A random experiment is an experiment whose outcome cannot be predicted with certainty before it is performed. For example, when we toss a coin, we cannot predict whether it will land on heads or tails. The sample space is the set of all possible outcomes. For a coin toss, the sample space is H and T. For rolling a six-sided die, the sample space contains the numbers 1 through 6.
An event is a subset of the sample space. There are different types of events. A simple event contains only one outcome, like getting exactly 3 when rolling a die. A compound event contains multiple outcomes, such as getting an even number which includes 2, 4, and 6. An impossible event is the empty set that can never occur, while a certain event is the entire sample space that always occurs.
Mutually exclusive events are events that cannot occur at the same time. Their intersection is the empty set. For example, when tossing a coin, getting heads and getting tails are mutually exclusive because a coin cannot land on both sides simultaneously. In a Venn diagram, mutually exclusive events are represented as non-overlapping circles within the sample space.
Exhaustive events are a set of events whose union covers the entire sample space. This means that at least one of these events must occur in any trial of the experiment. For example, when rolling a die, the events getting an odd number and getting an even number are exhaustive because together they include all possible outcomes from 1 to 6.
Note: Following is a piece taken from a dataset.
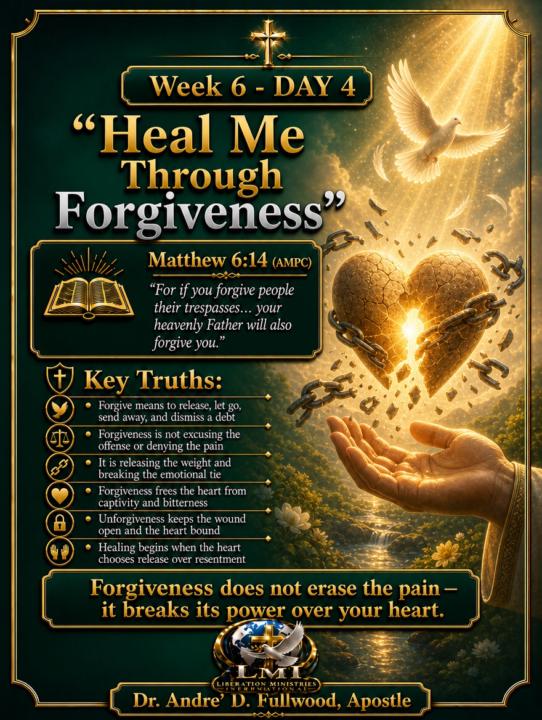 Week 6 - Day 4: Heal Me Through Forgiveness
In summary, we have covered the fundamental concepts of probability theory. A random experiment has uncertain outcomes, with all possibilities forming the sample space. Events are subsets of this space, ranging from simple single-outcome events to compound multi-outcome events. We also learned about mutually exclusive events that cannot occur together, and exhaustive events that cover all possibilities. These concepts provide the essential foundation for understanding probability and statistical analysis.